For the usual suspects what is the answer? A wealth tax? Likely to force wealth out of the country.

What is your sensible solution to the ever increasing DWP bill?
You utter fucking clown.
 

fernandopartridge

Well-Known Member
Reeves somehow managing the perfect storm of reducing demand through consumers having fuck all to spend while increasing costs to businesses that employ them. Just a disaster. Absolutely no reasons for optimism for anybody but the BlackRocks of this world who their boy McSweeney represents.
 

Mucca Mad Boys

Well-Known Member
Welfare exploitation will always be minuscule in comparison to tax avoidance and evasion.
To suggest otherwise is laughable.

Two separate topics.

In a recent poll, 4 in 10 Gen Zers are considering quitting work to live on benefits, often citing mental health. That clearly risks benefit boom that isn’t fit for purpose.

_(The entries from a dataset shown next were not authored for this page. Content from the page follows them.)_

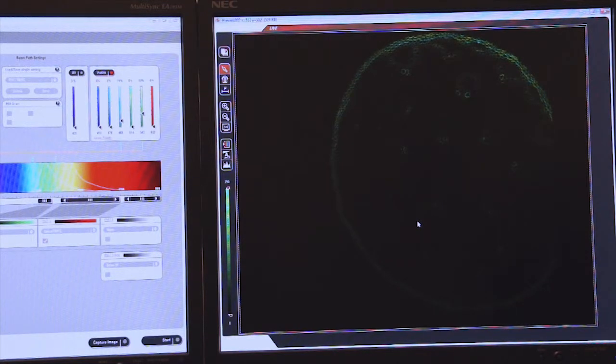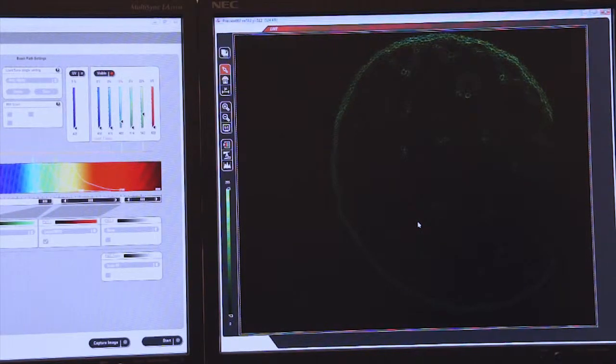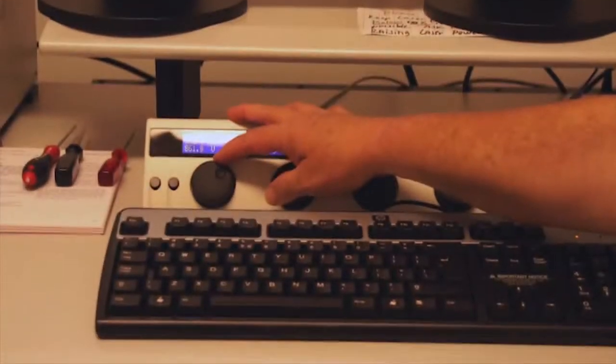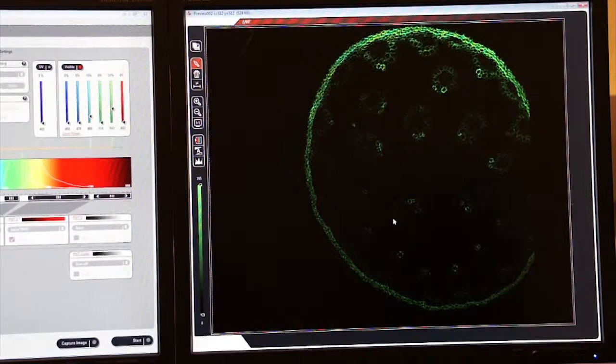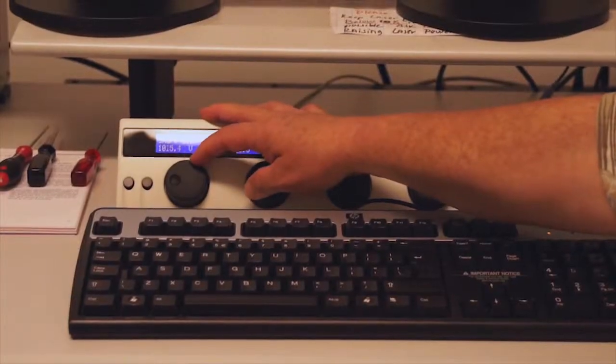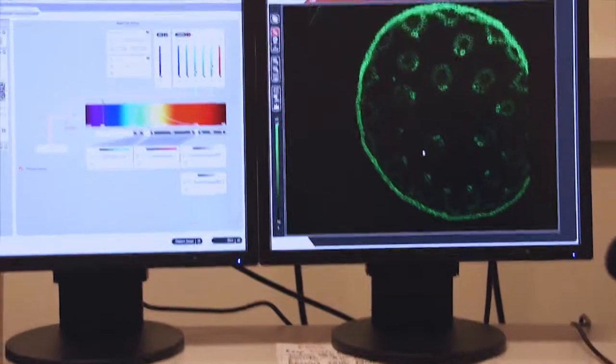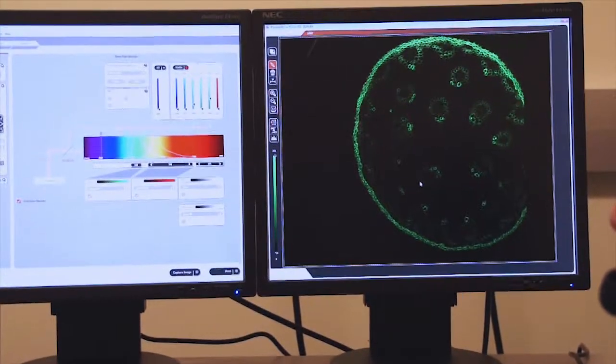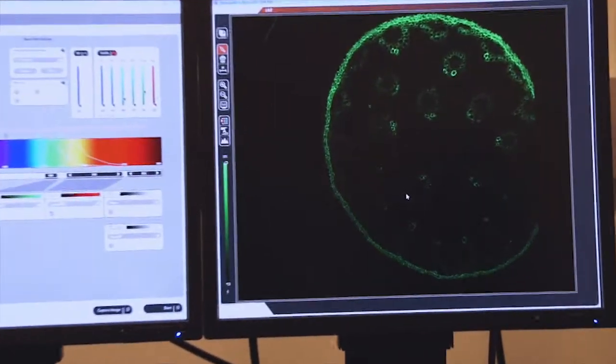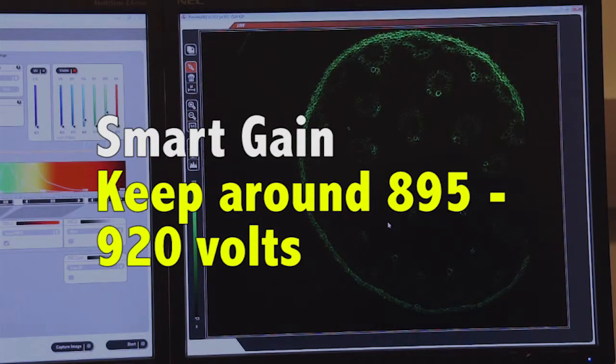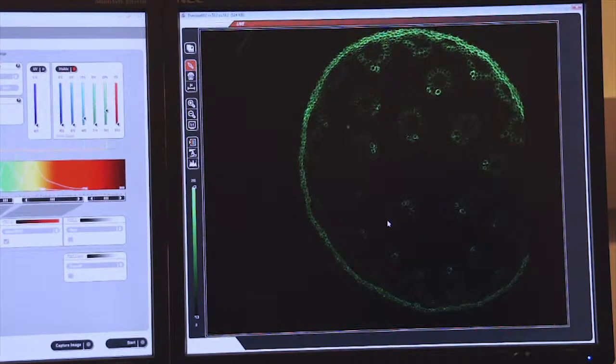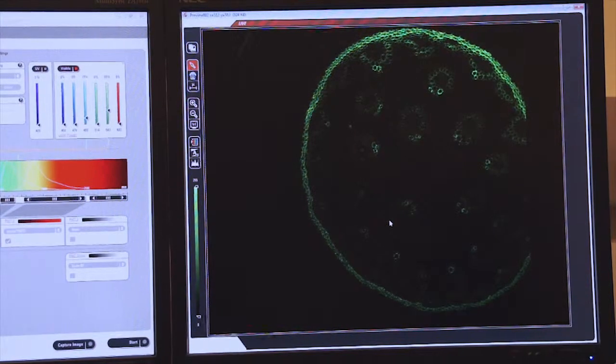At this point, we want to increase our smart gain using our toolbar, which is on the desktop. So we dial the smart gain up, and as you can see, the image becomes brighter and brighter. Rule of thumb is to have the smart gain somewhere between maybe 895 and 920 volts. That gives us a pretty decent image at that wavelength.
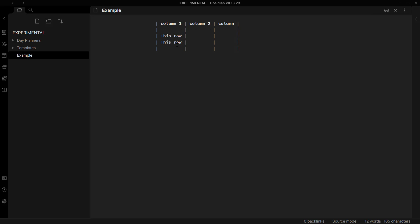If you want to go to your previous column then you can just click on shift tab and it will shift you to your previous column like this.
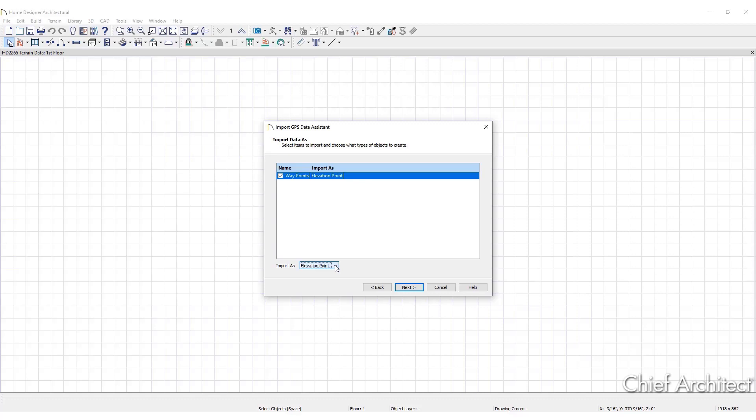The final option that may present in the drop-down menu is Terrain Perimeter. Choose this option to create a closed terrain perimeter polyline based on the position of either waypoints or trackpoints. The points themselves are not imported. A terrain perimeter has no elevation data associated with it.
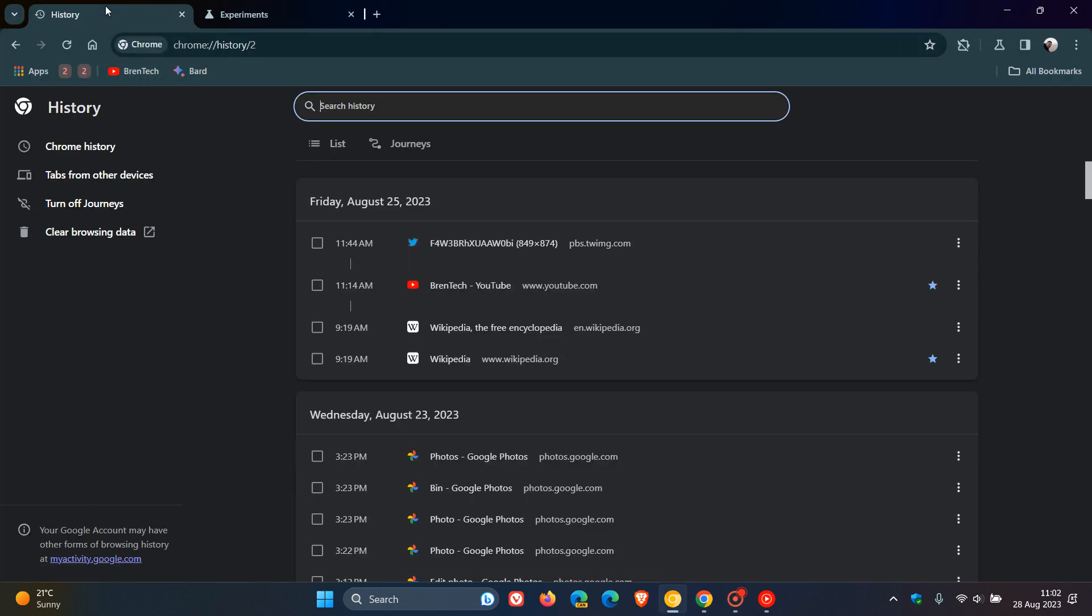If we head back to our history page now, we can see that by Groups or by Group has been reverted back to Journeys as it was originally known.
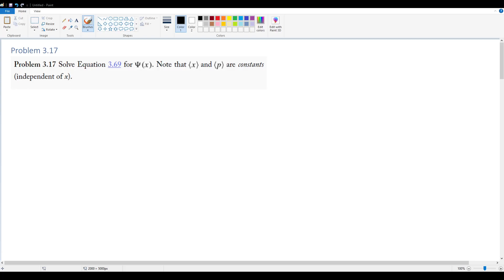Problem 3.17: solve the differential equation for psi that we were trying to work with earlier when we were proving the minimum uncertainty level for position and momentum.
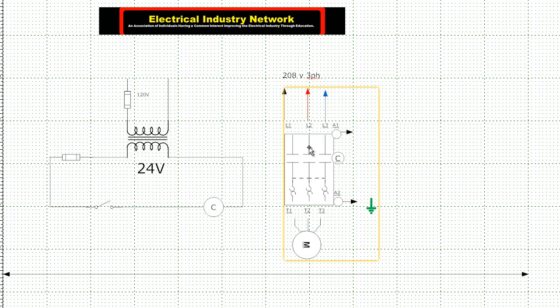And it went through, went into the contactor, when the coil closed, it energized the motor, and went through the overloads, energized the motor, and the motor ran.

That clearly isn’t what the vision that Nye Bevan would have for the welfare state - the old Labourites were very much in favour of ‘something for something’. Even Frank Field in the last Labour government looked sustainability of the welfare state and suggested something similar to an individual social security fund.
 

Brighton Sky Blue

Well-Known Member
Two separate topics.

In a recent poll, 4 in 10 Gen Zers are considering quitting work to live on benefits, often citing mental health. That clearly risks benefit boom that isn’t fit for purpose.

That clearly isn’t what the vision that Nye Bevan would have for the welfare state - the old Labourites were very much in favour of ‘something for something’. Even Frank Field in the last Labour government looked sustainability of the welfare state and suggested something similar to an individual social security fund.
The old Labourites were saying that in the era of jobs for life, strong union membership to protect pay and conditions, more secure employment and housing far closer to wages in cost than today.

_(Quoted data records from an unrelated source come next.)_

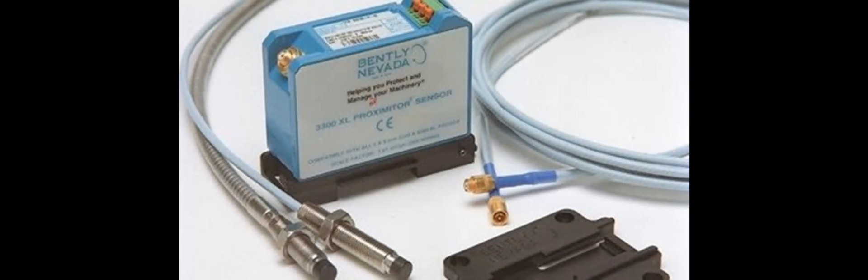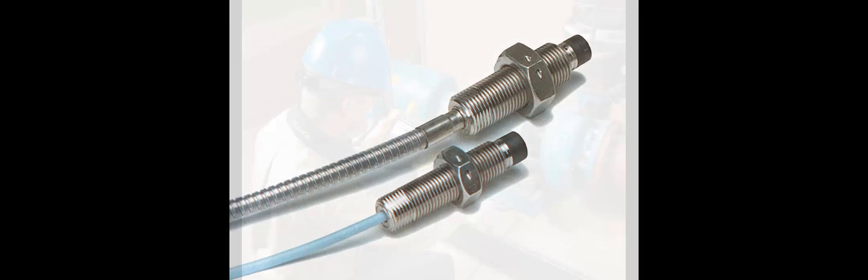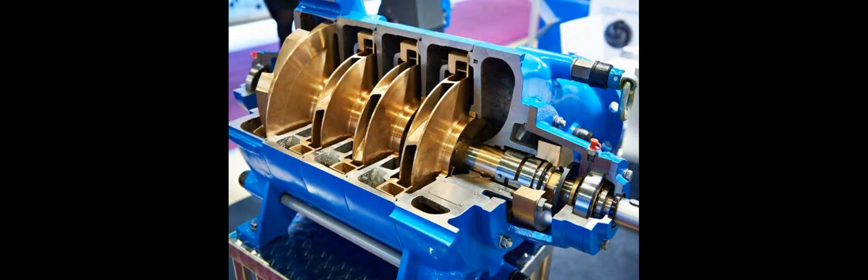Hey there folks, welcome back to our channel where we delve into the fascinating world of industrial technology. Today we're going to talk about proximity probes and how they measure vibration on industrial machinery. But first, what exactly are proximity probes? Well, imagine a tool that can sense even the tiniest movements in machinery, helping engineers keep everything running smoothly. That's where proximity probes come in.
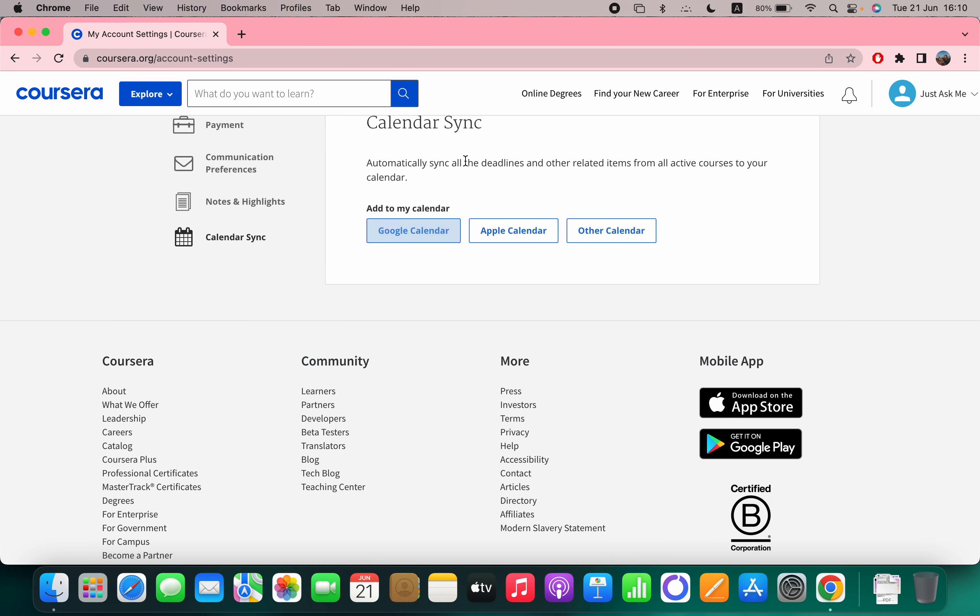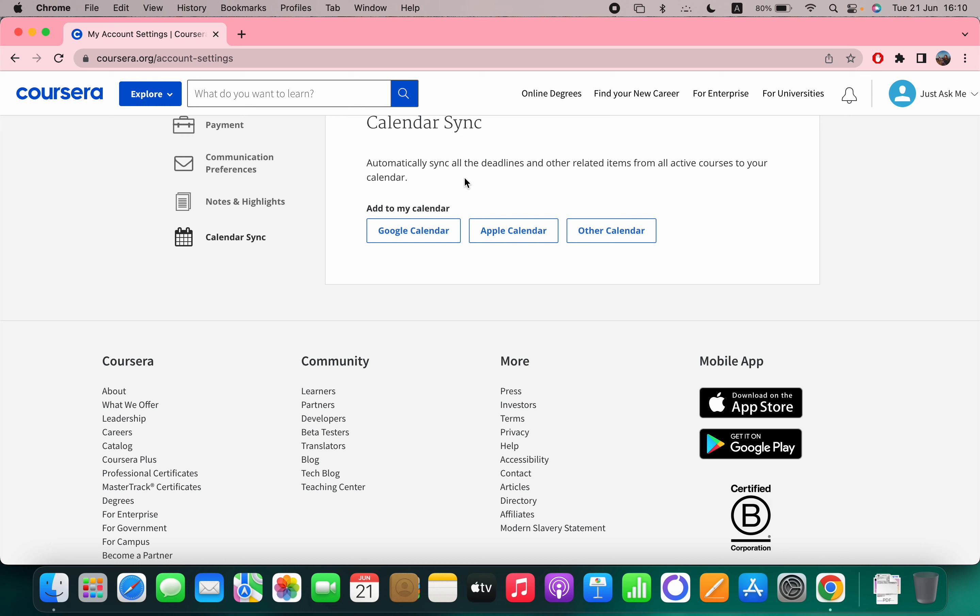Automatically sync all the deadlines and other related items from all active courses to your calendar. This option is really great, because if you are enrolled to more courses and you have deadlines, or you are doing a master or bachelor or something like that, then if you sync your Coursera deadlines and dates with your calendar in this way, for sure you will not forget the deadlines.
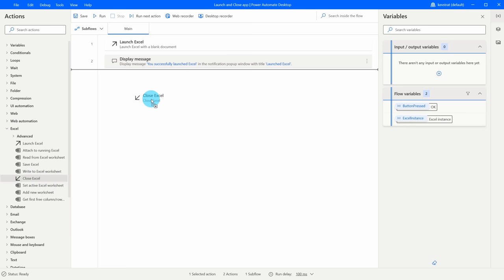This opens a prompt where I specify the value to iterate over. In the first step we stored all files in a variable called Files, so I'll click the select variable icon and select Files — shown in PAD notation as %Files%. It also creates its own variable called Current Item, which will hold the current document each time through the loop. When the loop runs the first time, Current Item will be the first document; on the second run it'll be the second document, and so on. Everything looks good so let's click Save.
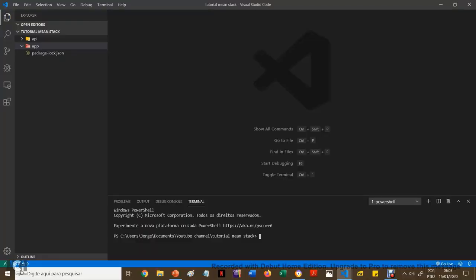Manter uma versão funcionando. Se der zebra, a gente vai para a versão que funciona, que já foi testada.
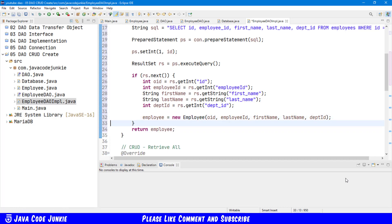And then we'll create the employee object: employee equals new Employee, passing OID, employeeID, firstName, lastName, departmentID. Then we return the employee to the calling method, and it either returns a new employee object or null depending on whether or not an employee record was actually found with the ID that was supplied.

Work does not pay if your employment is insecure, wages not keeping up with living costs and pension schemes a shadow of their former selves. I cannot speak much for Gen Z, but among my millennial friends now all in our 30s, 3 of us have/are having children, the rest aren't and it's for economic reasons. The consequences of this declining birth rate we are already seeing and it will either be that you need to be rich to have children or get the state to drastically increase the level of financial support for new parents.

People need to look beyond the up front cost of anything as a reason not to do it. 14 years of the Tories underfunding most things in the name of saving money has ultimately left us with a system in very bad shape needing even more money to fix it than if we'd made the commitments in the first place.